Mrs. Woods said that once she stopped to help what she thought were two little girls walking hand in hand up that long dark road and when they got close to the car Mrs. Woods could see that the two little figures only looked liked children from a distance.

But they weren't...they were twisted and small and as Mrs. Woods would try to explain " they only looked like children, but they weren't they were just dried little husks. "

" Husks of what? "

Mrs. Woods would be asked and she would shake her head and say, " Husks, that's all. Husks."

Then the story about the Singing Lady in the cemetery started.

She was suppose to be dressed in old fashioned clothes and would wander from grave to grave singing lullabies. Once someone new to town actually talked to the Singing Lady and asked what she was she doing out there in the dark and she said, " why, I'm singing to my babies of course " and then she wandered off into the darkness.

Then a few years ago the Blue Bloods got their wish...sort of.

We had this massive rainstorm hit our town, which had started off as a massive blizzard, and we were nearly buried alive in all the snow and ice.

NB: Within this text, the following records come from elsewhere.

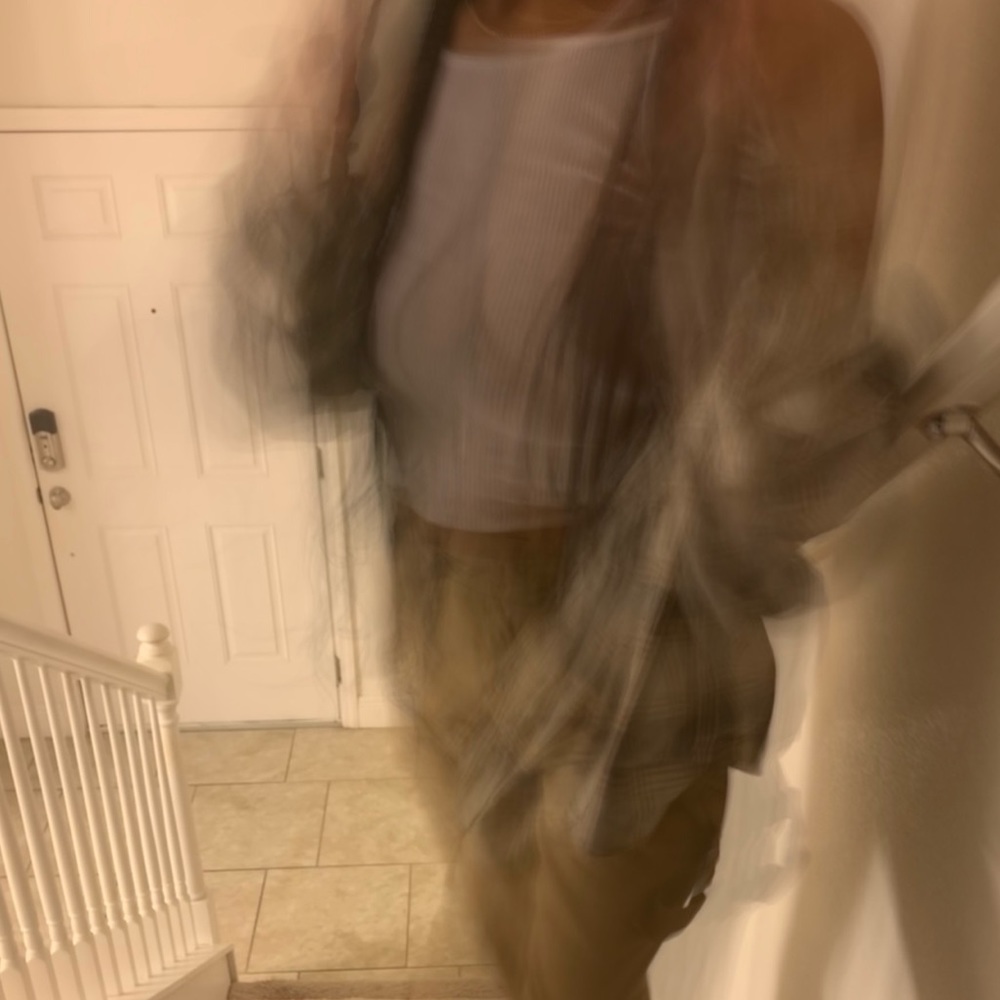 Meet your Posher, Jaya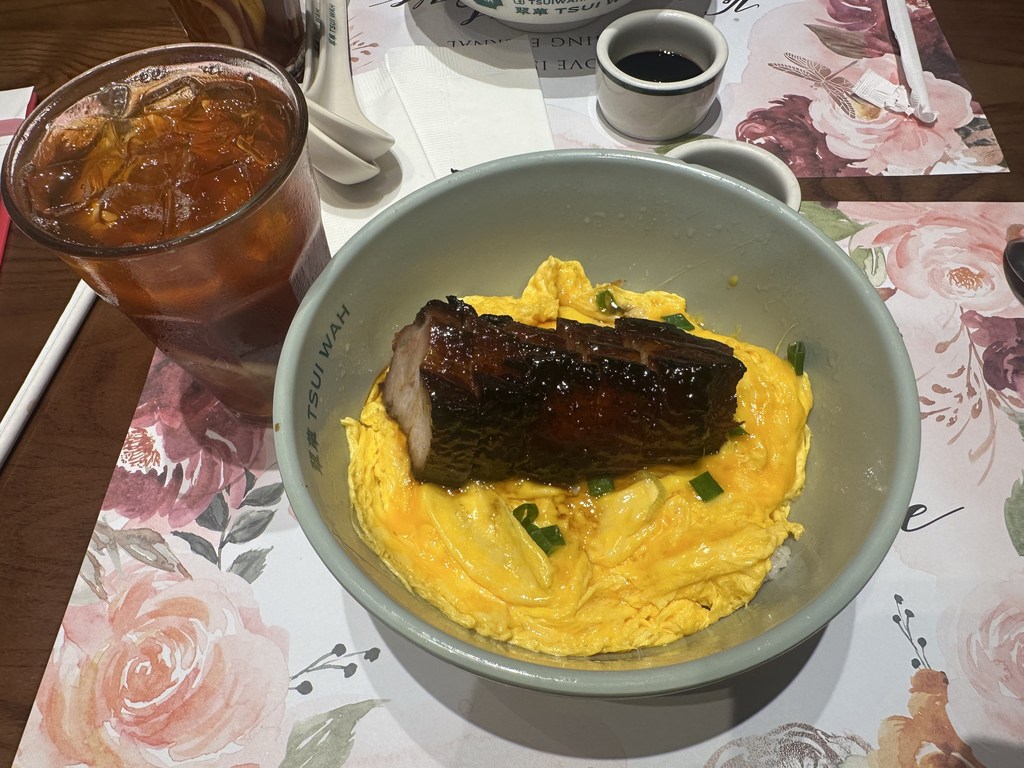 香港翠华餐厅的一碗叉烧炒蛋饭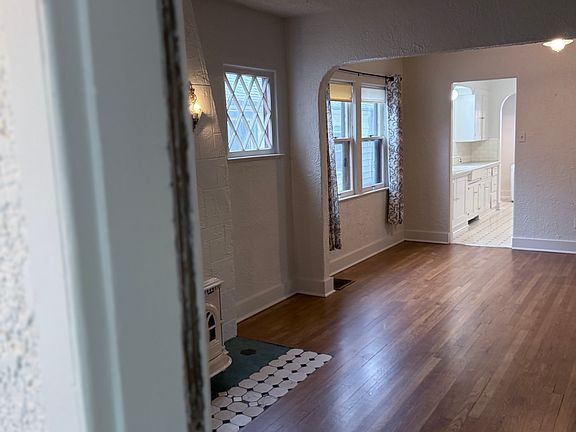 5th image of 906 E Dale St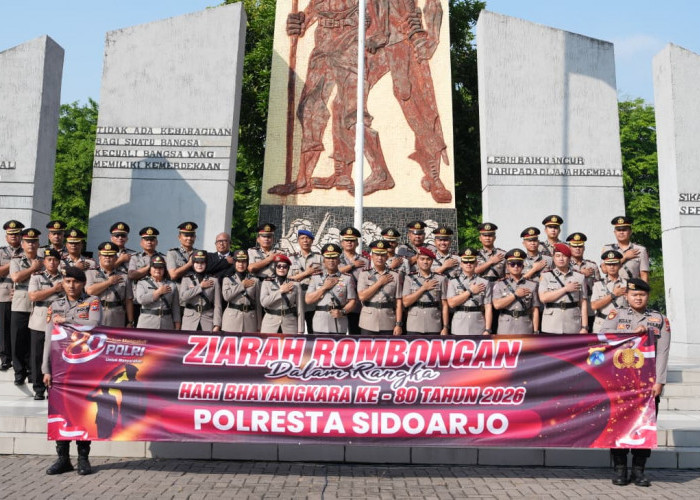 Jelang Hari Bhayangkara ke-80, Polresta Sidoarjo Ziarah dan Tabur Bunga di Makam Pahlawan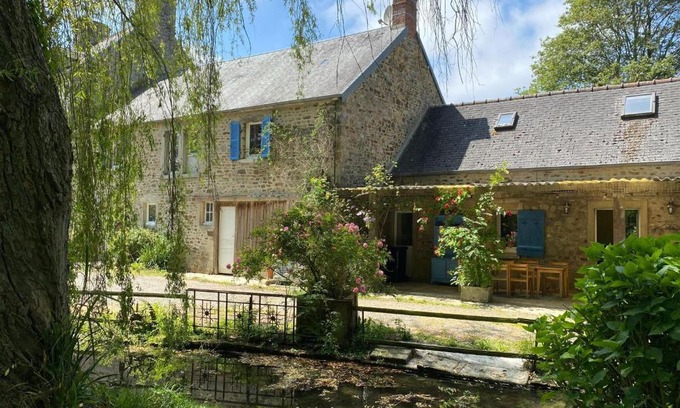 Saint-Sauveur-le-Vicomte House | Cottage in Normandy near Barneville-Carteret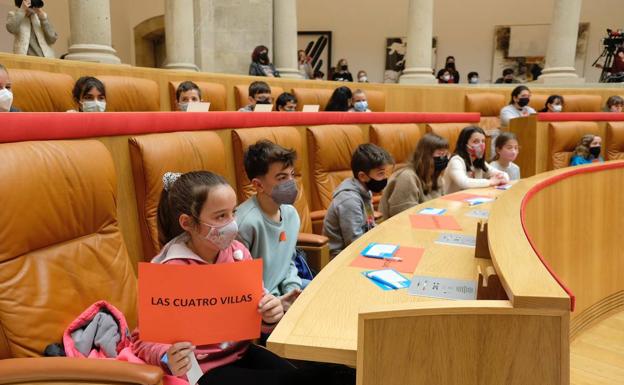 Los pequeños 'diputados' se comprometen a acoger «a los niños ucranianos que lleguen al pueblo»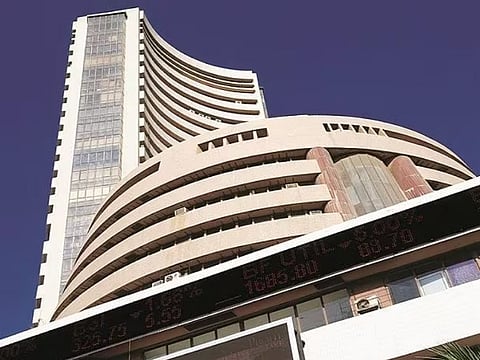 Stock Market Updates | सेन्सेक्स ४५० अंकांनी घसरला, जाणून घ्या JFS शेअर्सची स्थिती?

Then something called the Pineapple Express tore in off the Pacific and the entire mess turned to water and instead of snow it rained.

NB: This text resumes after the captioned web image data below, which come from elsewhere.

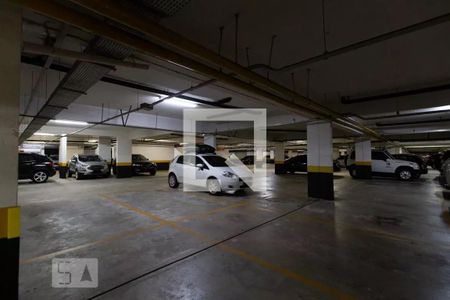 Apartamento para alugar com 82m², 3 quartos e 1 vaga Apartamento para alugar com 82m², 3 quartos e 1 vagaGaragem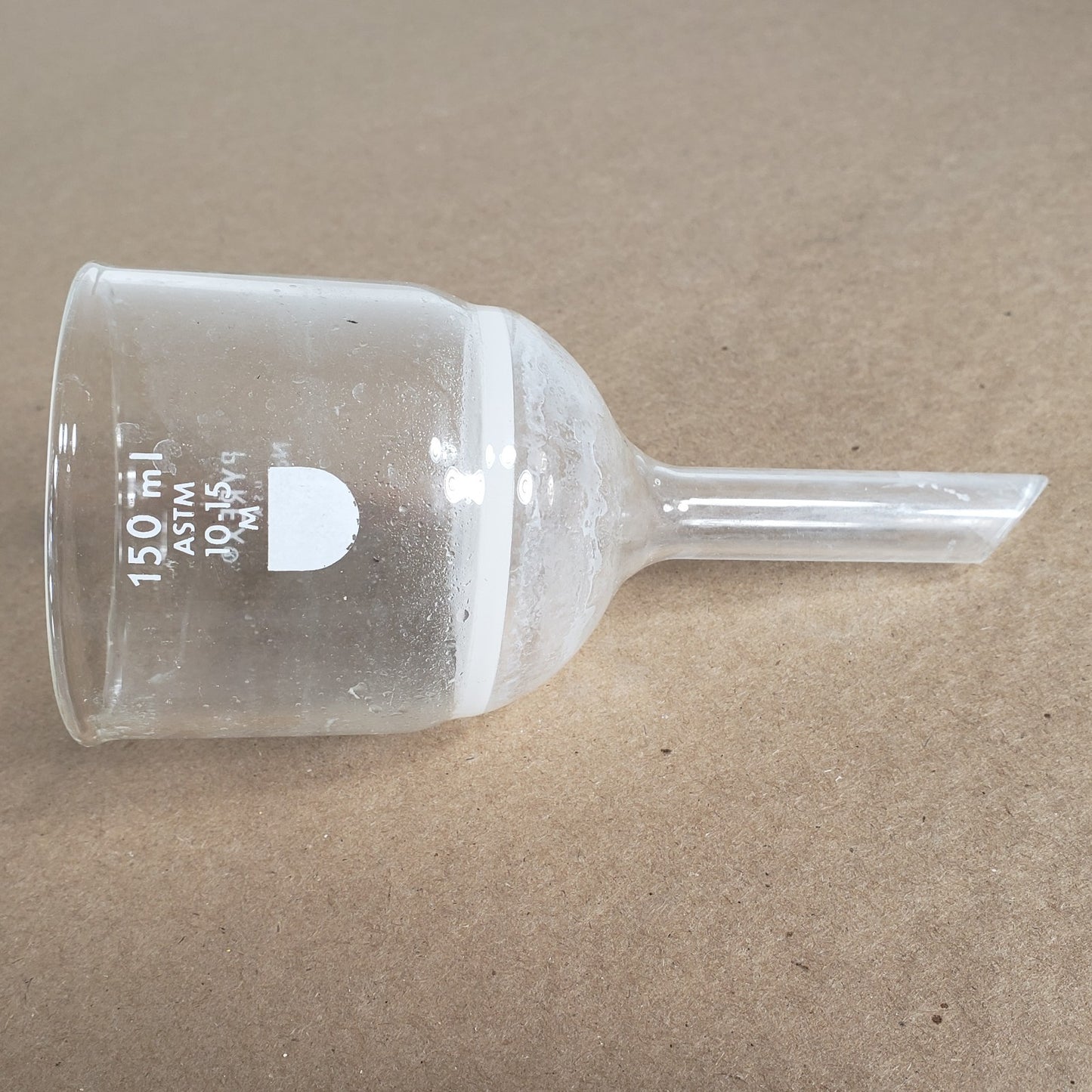 Lot Of 4 Chemglass 36060 150mL Buchner Filtration Funnels 4 total 3 Course 1 Med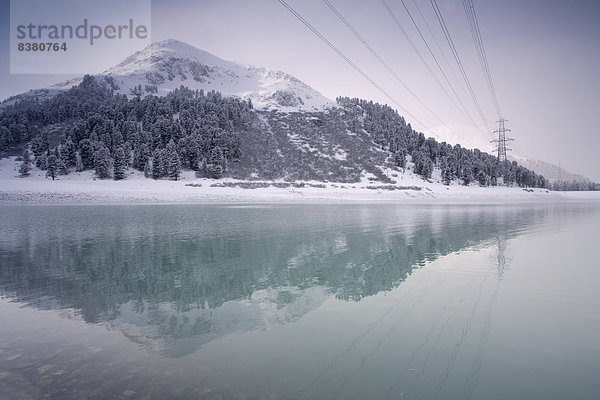 Speichersee Längental mit Hochspannungsmast im Winter  Kühtai  Sellraintal  Tirol  Österreich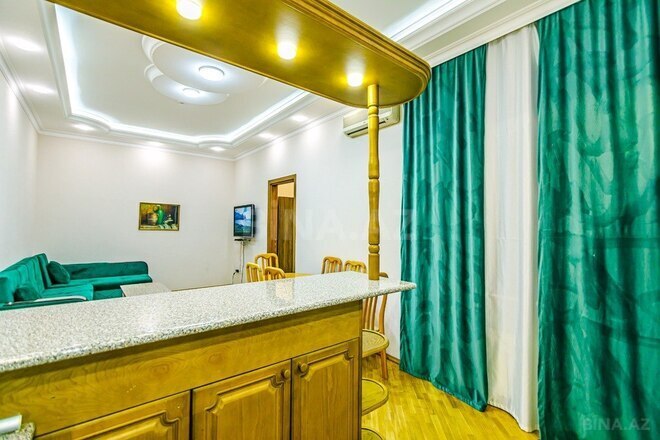 3-комн. вторичка - м. Сахил - 100 м² (22)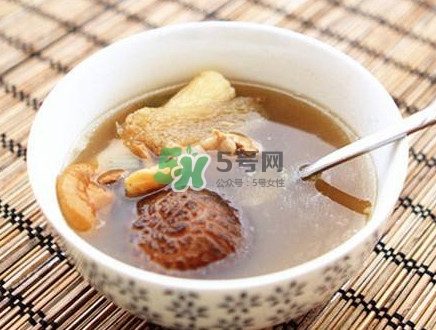 松茸煲排骨怎么做？松茸燉排骨有什么功效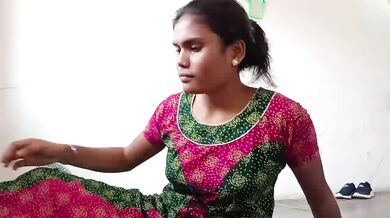 Village bhabhi gayi apne padosi ladke ke paas uska lund chuske chudne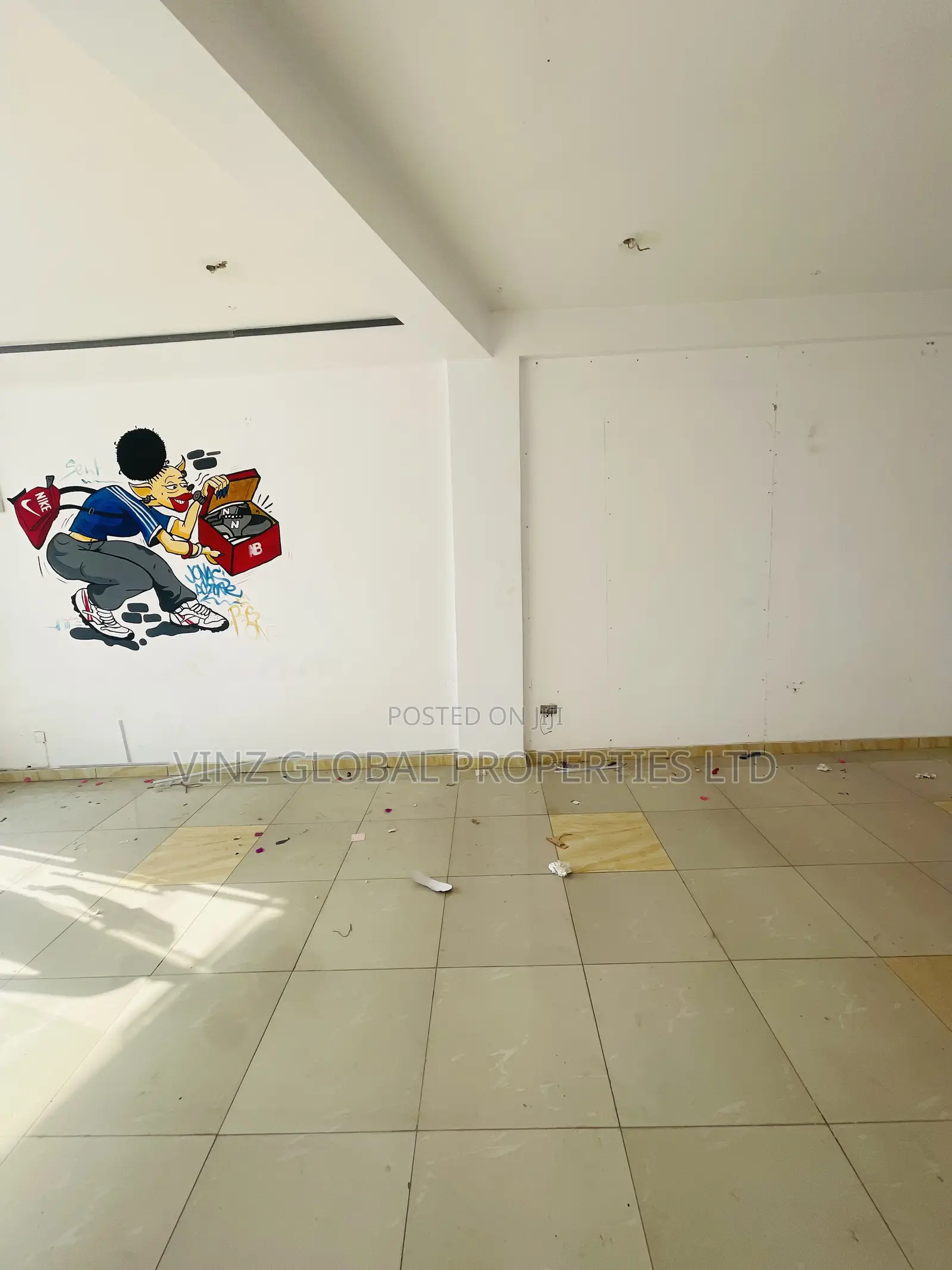 Very Spacious Shop Space (Upstairs) in Lekki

And it rained and rained and rained.

Sometime during the storm part of the cliff that the Von Bormann’ s House stood on slid straight into the Straights and took part of the cemetery up there with it.

Coffins and body parts in all sorts of stages of decay started to wash up alone the shoreline.

My Dad was one of the half dozen that went up there to check and see what the state of the rest of the cemetery and the house was in.

The Von Bormann’ s House only looked abandoned. My Dad was convinced someone was watching them from that house ' lots of someones ' he told me ' that house was full of eyes.



Then they made their way carefully to the place where the cemetery was and they saw row after row of sleeping lambs and baby angels and little marble bibles with that prayer little kids say ' now I lay me down to sleep' carved into them.

I'm not sure who noticed the names first, but they started to go from stone to stone and familiar names started to come up...one after the other.

All had once been residents of the Town and later of the Town's Cemetery.

Now they were up here buried under children's tombstones.

" Oh God, " someone said, " it's them, it's Mrs. Von Bormann’ s Babies. "

They were you see...they had become Mrs. Von Bormann’ s babies.

This was Mrs. Von Bormann’ s nursery.

The Cemetery.

It probably always had been where her ‘babies’ came from.

Later these people from the Health Department found more of Von Bormann’ s Babies up at the Von Bormann’ s house. They were in the sitting rooms reading books and comics in front of cold dusty fireplaces and in a spider-webbed schoolroom with a blackboard and the ABC's printed on it in colored chalk.

They held stuffed toys and had ribbons in their hair and some were even sitting on a swinging bench in the backyard.

Corpses.

Mrs. Von Bormann’ s babies.

And to this day no one knows how they got up there.

So if you come to visit me soon (and I hope you do) all I can say is watch out for those kids on the road and if you hear singing coming from the cemetery I suggest you run, not walk away as fast as you can.